Just last year, the National Intelligence Council called climate change one of the gravest long-term threats facing global stability, a looming peril that could undermine American and international security. This is why it’s gravely important that President Obama and Congress have begun to take action.
In June, the House of Representatives passed the American Clean Energy and Security Act. By creating incentives to use and produce clean energy, this legislation will begin to free us from the foreign-oil addiction that constrains our foreign policy and dictates how we deal with both friends and foes. And by slowing climate change, this bill would help prevent the very climate change that threatens to destabilize American and global security.
All that may sound like too great an impact for a single piece of legislation to claim. It’s not. The fate of the Clean Energy and Security Act as it moves to the U.S. Senate is inseparable from the fate of America’s security.
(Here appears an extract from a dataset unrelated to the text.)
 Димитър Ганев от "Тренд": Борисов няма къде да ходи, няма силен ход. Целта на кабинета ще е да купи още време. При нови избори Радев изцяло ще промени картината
The fact that the United States consumes 25 percent of the world’s oil but controls less than 3 percent of the supply underlines why our dependence on foreign oil affects our foreign policy. Tipping the other end of the production-consumption scale are nations like Iran, Iraq, Libya and Kazakhstan.
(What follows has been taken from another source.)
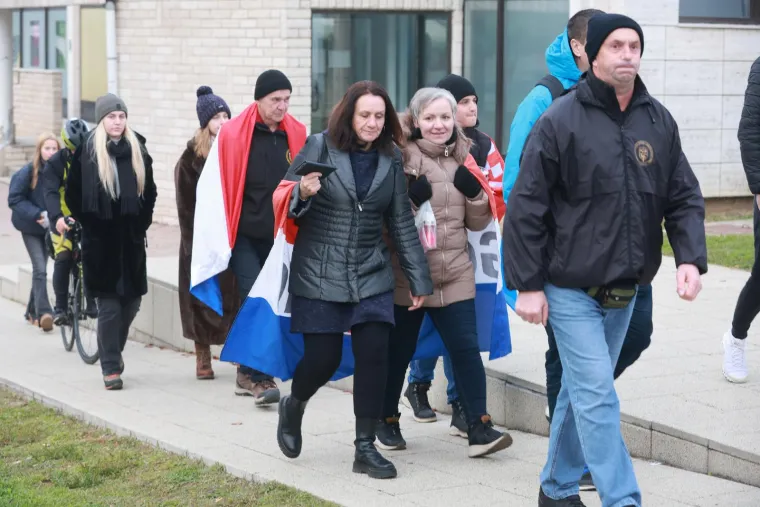 Deseci tisuća ljudi u koloni sjećanja: Na bijelim majicama imena žrtava, na leđima hrvatska zastava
Of the top 10 holders of oil reserves in the world as of April 2008, all but one are considered to be failed states or in danger of becoming failed states. These are the type of trading partners to whom we are beholden, whose whims we must honor, if we are to satisfy our energy addiction.
The Clean Energy and Security Act would slash our oil needs dramatically by requiring electric utilities to meet 20 percent of their electricity demand through renewable sources and efficiencies by 2020. The legislation also reduces carbon emissions from major U.S. sources over 80 percent by 2050 compared with 2005 levels. It increases our ability to create our own energy sources — and not, incidentally, jobs — by investing billions in new energy technologies and efficiency. By 2025, the legislation could save Floridians nearly $1.8 billion in energy costs.
Our oil addiction gives those who would do us harm a powerful weapon. Terrorists clearly understand that our economic strength and our overall strength as a nation is tied to affordable energy. There were fewer than 50 known terrorist attacks against oil and gas facilities before Sept. 11, 2001. By 2006, that number reached 344.
Less tangible than terrorist threats, but equally dangerous, is the global instability that will result from the effects of climate change on land and livelihoods. Rising sea levels, drought and other weather extremes will lead to mass migration. A massive influx of people challenges even the most stable of nations and creates a vacuum of law which provides safe havens for terrorists. These conditions will undoubtedly require the deployment of an already over-worked U.S. military.
We should act now to do all we can to preclude the deployment of U.S. forces. Our national security is at stake, and our soldiers, sailors, airmen and Marines deserve action now before they are called upon again.
The United States cannot fight off global warming alone. But this act, though imperfect, is a vital step in the right direction and an important signal to our friends — and enemies — that we are serious about protecting the environment because we are unrelenting in our commitment to protect America.
Donald L. Kerrick of Jupiter is a retired U.S. Army lieutenant general and former deputy national security adviser to President Bill Clinton. He is also a member of the National Security Network. He wrote this column for the Orlando Sentinel.